7.2.5 LOGIC OPERATION Refer to Figure 7-2 for the following discussion.
Each measurement channel which can initiate protective action operates a channel trip unit; each trip unit includes three sealed, electromagnetically-actuated reed relays and associated contacts. Four trip units are actuated for each trip condition, e.g., high reactor coolant pressure. The relays in each of these four trip units provide a separate trip path; the trip paths are designated channels A, B, C, and D.
The relays in each trip unit are numbered one, two, and three. The normally open contacts from the No. 1 relay group of Channel A are connected into a two-out-of-two logic matrix with Channel B relay contacts. (The normally open contacts are used for the logic ladders so that the relays are energized and the contacts closed under operating conditions.)
The No. 2 and No. 3 relay contacts are similarly connected into two other two-out-of-two logic matrices with Channel C and Channel D relay contacts.
With the No. 2 and No. 3 relay contacts of Channels B, C, and D similarly arranged in BC, BD, and CD combinations of two-out-of-two logic matrices, there are a total of six two-out-of-two logic matrices, forming a two-out-of-four coincidence logic with respect to the input channels.
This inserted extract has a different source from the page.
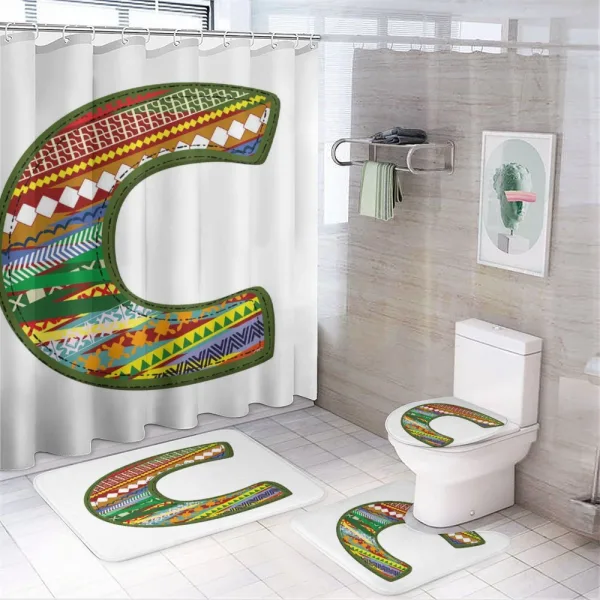 Multicolored Alphabet on a shower curtain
CALVERT CLIFFS UFSAR 7.2-12 Rev. 49 At the output of each logic matrix is a set of four sealed, electromagnetically-actuated relays. These sets are designated the AB, AC, AD, BC, BD, and CD logic trips. The contacts from one relay of the logic trip set from each logic matrix output are placed in series with corresponding contacts from the remaining sets in each of the four trip paths.
Each of these paths is the power supply line to a trip breaker control relay whose contacts provide actuation of undervoltage and shunt trips on the trip circuit breakers, thus interrupting the AC power to the CEDM power supplies. Deenergizing of any one trip breaker control relay interrupts (opens) one trip path and trips the two breakers controlled by that trip path. Deenergizing any set of four logic trip relays causes an interruption of all trip paths and a full trip. Each of the six logic trip matrices energizes one set-of-four logic trip relays.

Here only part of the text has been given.